Avec la nomination de Belooussov, Poutine souhaite parachever la transformation de l’économie russe afin de la mettre intégralement au service de l’effort de guerre. 

  • Tout comme son successeur Choïgou, Belooussov n’est pas un militaire. Il est un technocrate, proche de Poutine.
  • Selon les analystes de l’Institute for the Study of War, cette nomination s’inscrit dans la ligne d’efforts déployés par le président russe pour mettre en place toutes les conditions économiques d’une guerre prolongée, et éventuellement se préparer à une future confrontation avec l’OTAN4.
  • Malgré son manque d’expérience militaire, Belooussov a été impliqué dans un certain nombre de projets liés à l’industrie de la défense.
  • Il met l’accent sur l’optimisation de l’innovation technologique et de la production de l’industrie de défense. Il a notamment présenté un projet de commande publique de 4,4 milliards de roubles (environ 48 millions de dollars) pour la production de drones jusqu’en 2030, ainsi que des plans pour former des fabricants et des opérateurs de drones5.

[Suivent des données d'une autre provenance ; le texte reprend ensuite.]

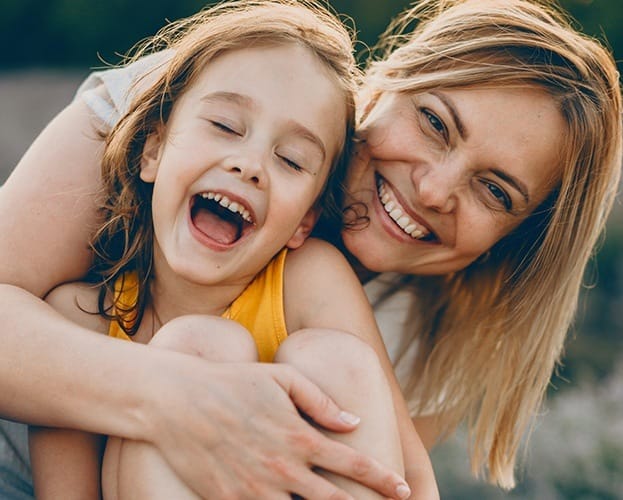 Mother giving child a hug after dental sealant placement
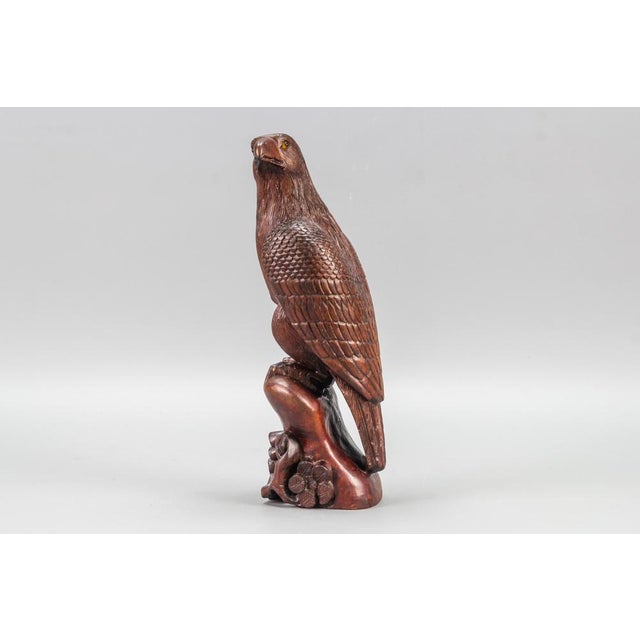 This stunning, naturalistically hand carved and brown tinted beechwood eagle figure with glass eyes, perched on a wooden...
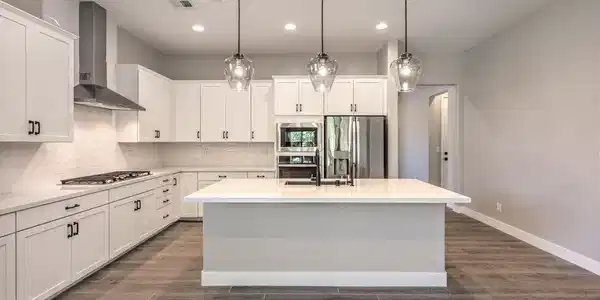 Image 3: Gleaming stone countertops and a spacious central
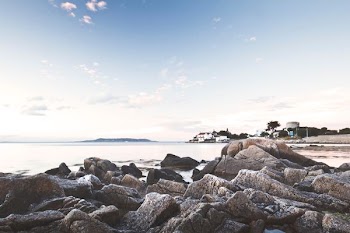 rock formation on seashore under blue sky during daytime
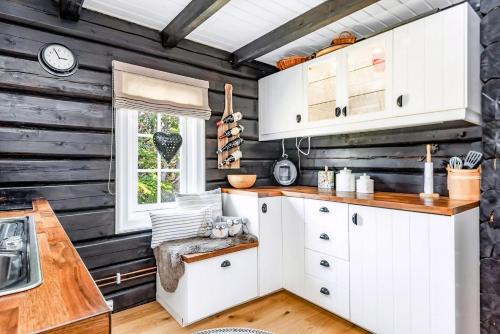eine Küche mit weißen Schränken und einer Holzwand in der Unterkunft Family-Friendly Log Cabin With Panoramic View in Østby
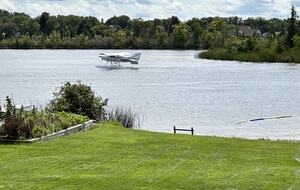 Watch the sea plane take off and land, an awesome sight!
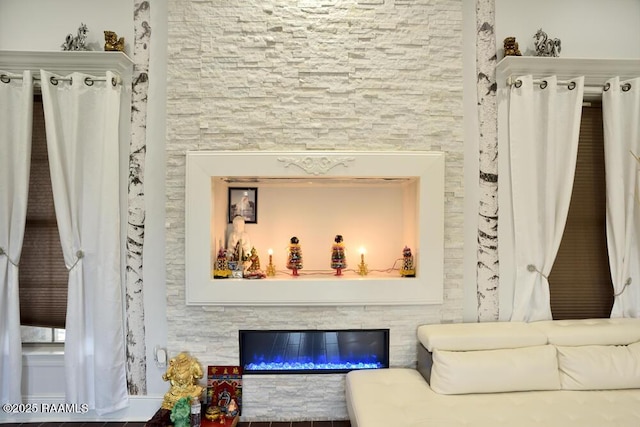 living room featuring a glass covered fireplace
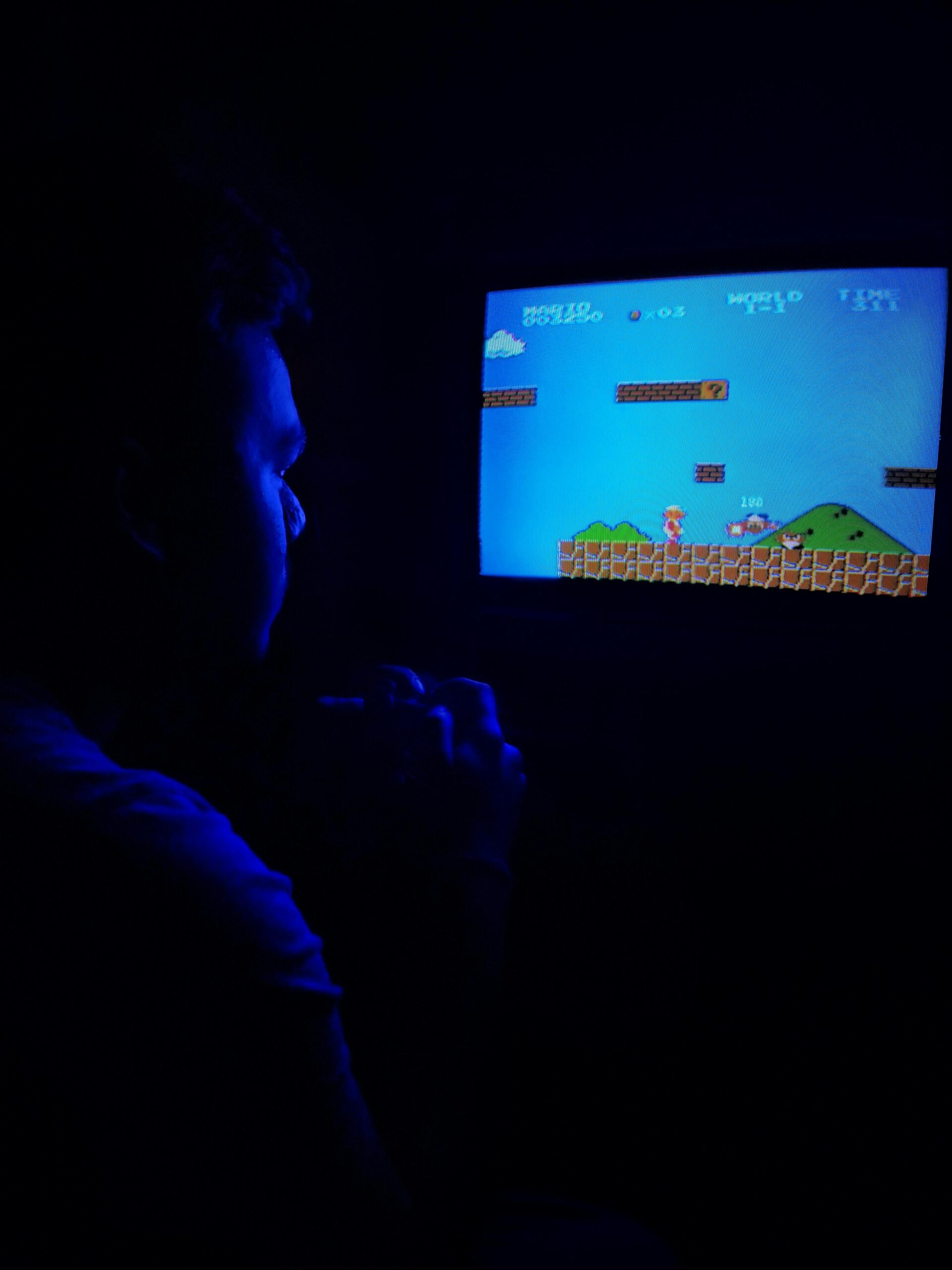 Man playing Super Mario Bros on TV, capturing retro gaming nostalgia. Man playing Super Mario Bros on TV, capturing retro gaming nostalgia.
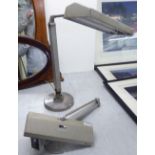 A pair of Waldmann fully adjustable workroom lamps,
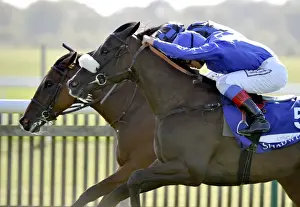 Horse Racing Prints: Frankie Dettori just gets the better of Jamie Spencer to win the 2011 Shadwell Fillies Mile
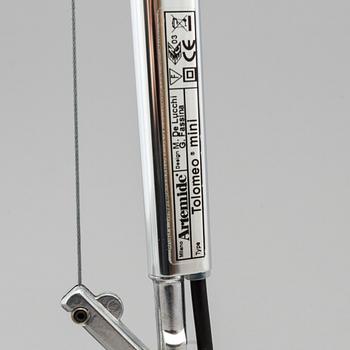 a "Tolomeo mini" table light by Artemide Italy.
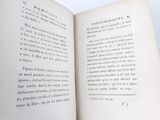 an open book with a black and white picture on it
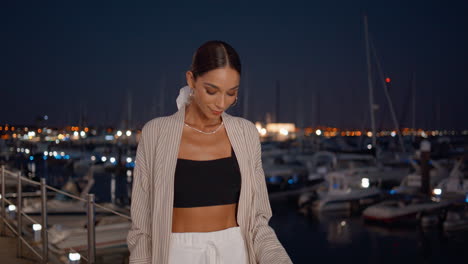 stylish woman at night marina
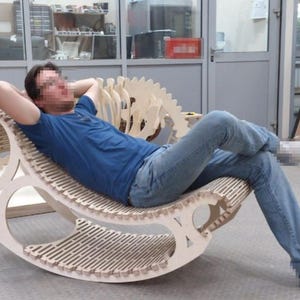 Op de afbeelding: Een lichtgekleurde houten schommelstoel met een uniek, gebogen ontwerp. De stoel heeft een lattenzitting en rugleuning, en een decoratief, open ontwerp op de rug. De stoel is ontworpen voor comfort en ontspanning.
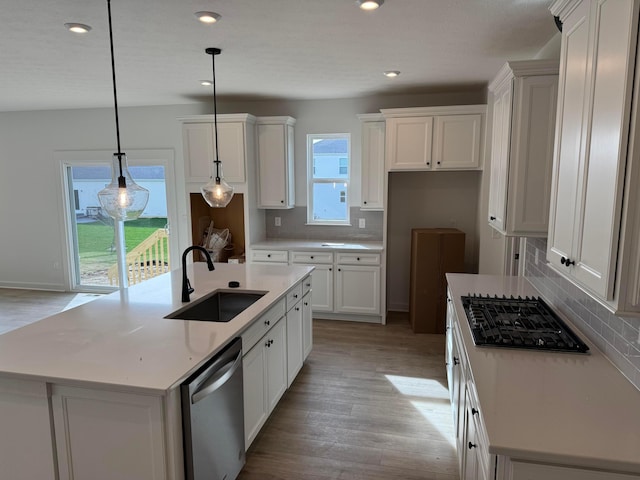 kitchen with sink, stainless steel dishwasher, pendant lighting, a center island with sink, and light wood-type flooring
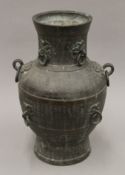 A 19th century Chinese bronze vase. 32 cm high.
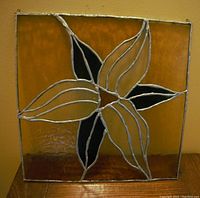 Full frontal photo of the square leaded glass panel with floral design on amber background.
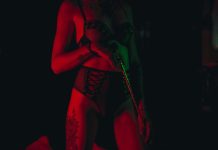 Discover Your Sexual Fantasies with Escorts woman in red lingerie singing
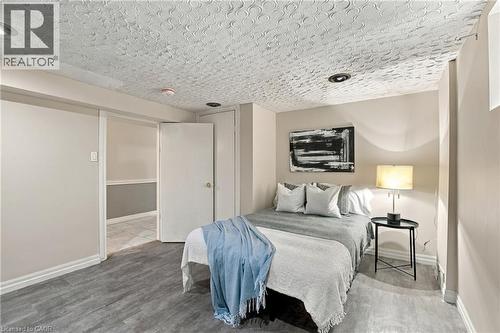 Textured ceiling with integrated recessed lighting and wood-finish flooring - 81 East 23Rd Street, Hamilton, ON 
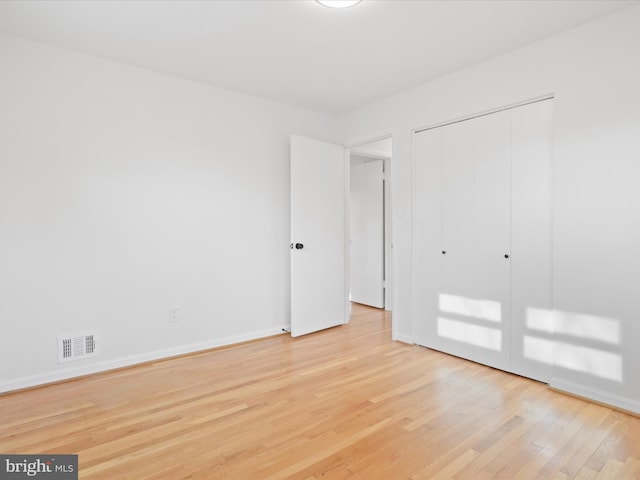 unfurnished bedroom featuring light hardwood / wood-style flooring and a closet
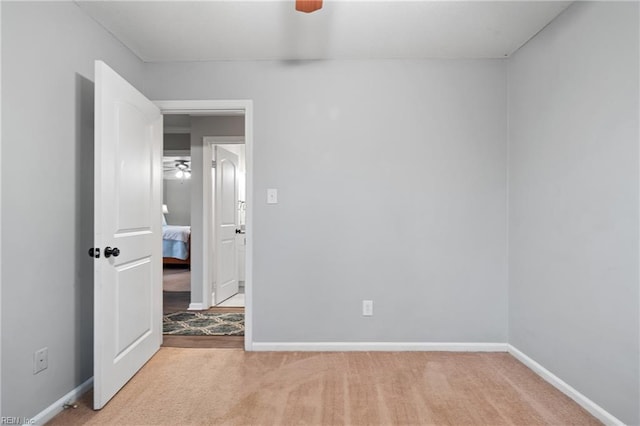 spare room with light colored carpet and ceiling fan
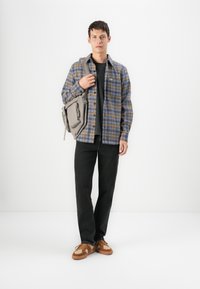 Plaid shirt in blue and yellow tones, black t-shirt, dark jeans, brown textured sneakers, and a grey messenger bag with zip details.
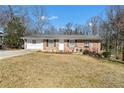 Quaint brick house with an attached garage, offering a cozy front yard and a classic exterior at 147 Windy Hill Sw Rd, Marietta, GA 30060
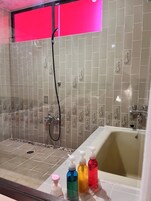 Baño con bañera, ducha y paredes de azulejos.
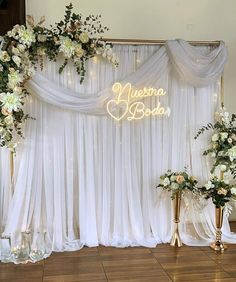 the backdrop is decorated with white flowers and greenery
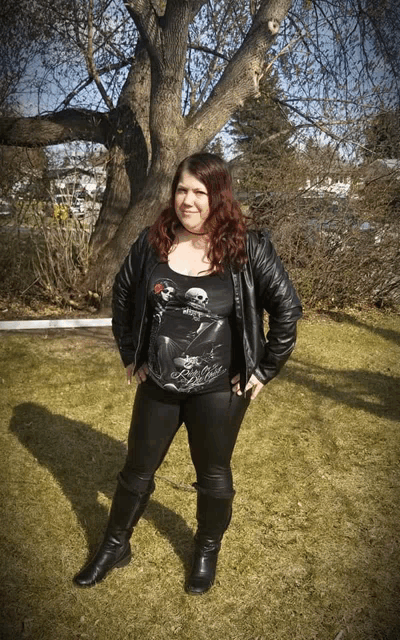a woman standing in front of a tree wearing a black shirt with a skeleton on it and a skull on it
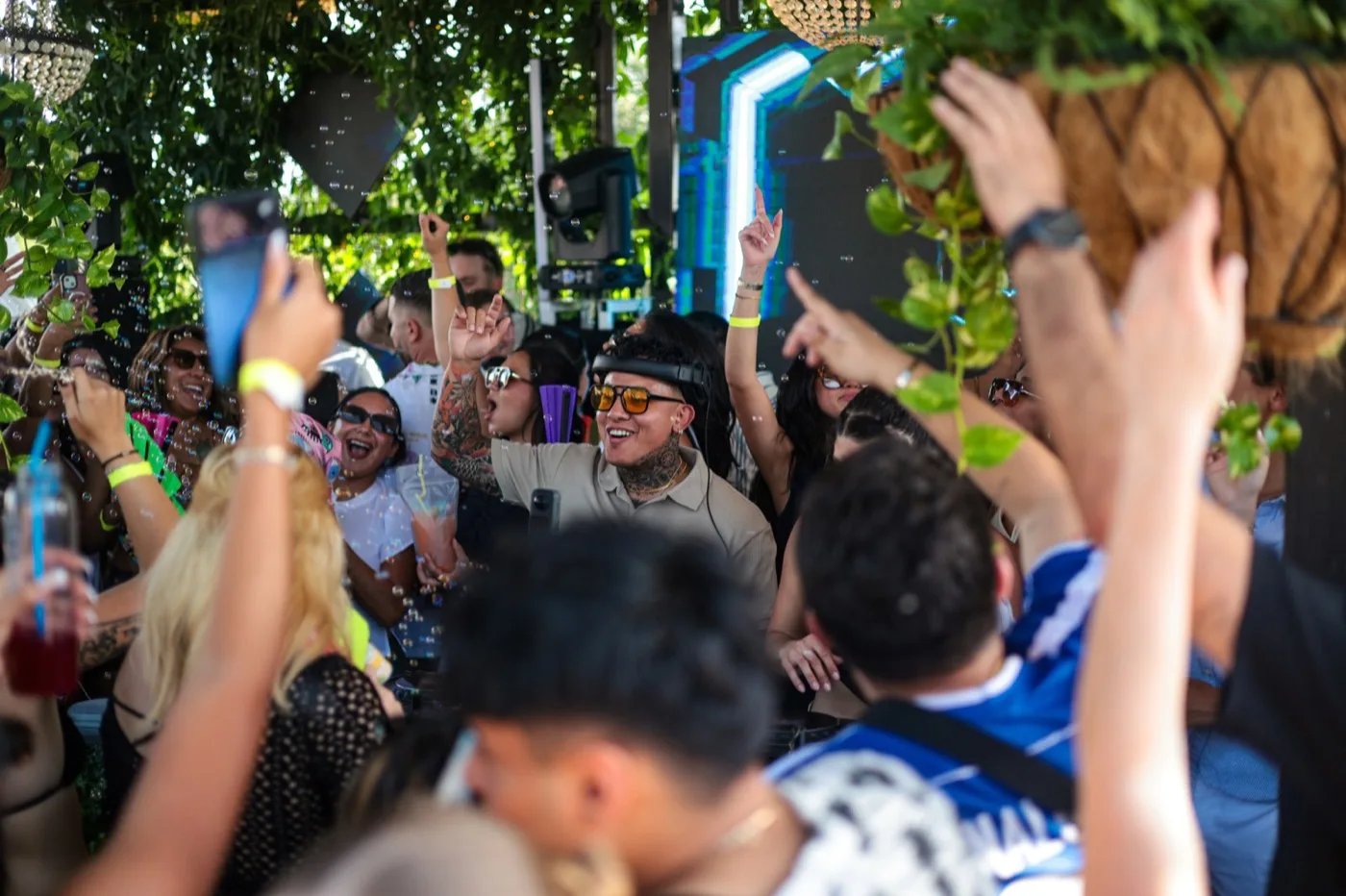 Elsewhere Too live activation — crowd and DJ mid-set under the pavilion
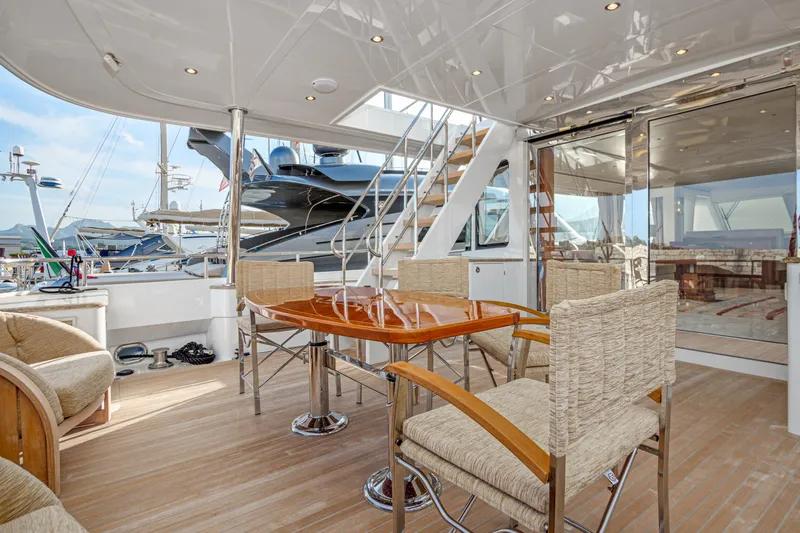 Frivolous Yacht Photos Pics 2019 Hunt Yachts Motor Yacht with elegant outdoor seating and polished wood table.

L’une des tâches de Belooussov sera de dissiper les désaccords entre les militaires et les industriels afin de continuer à approvisionner l’armée et de transformer l’économie. Selon Alexeï Govrin, membre de la commission des petites et moyennes entreprises de la Douma, Belousov jouit d’une autorité « dans de nombreux cercles », notamment en raison de sa capacité à « toujours entendre et comprendre des arguments » de tous bords6.

  • Bénéficiant d’une réputation de technocrate, Belooussov devrait aussi s’attaquer à la corruption au sein du ministère de la Défense, évoquée à plusieurs reprises notamment lors de l’affrontement entre Choïgou et Prigogine à l’été 2023.

Le nouveau ministre de la Défense russe fait l’objet de sanctions ukrainiennes, européennes et figure sur la liste des sanctions individuelles adoptées par les États-Unis, le Japon, le Royaume-Uni, le Canada et l’Australie. Contrairement à Choïgou, qui est de confession bouddhiste, Belooussov, né à Moscou, est un chrétien orthodoxe pratiquant.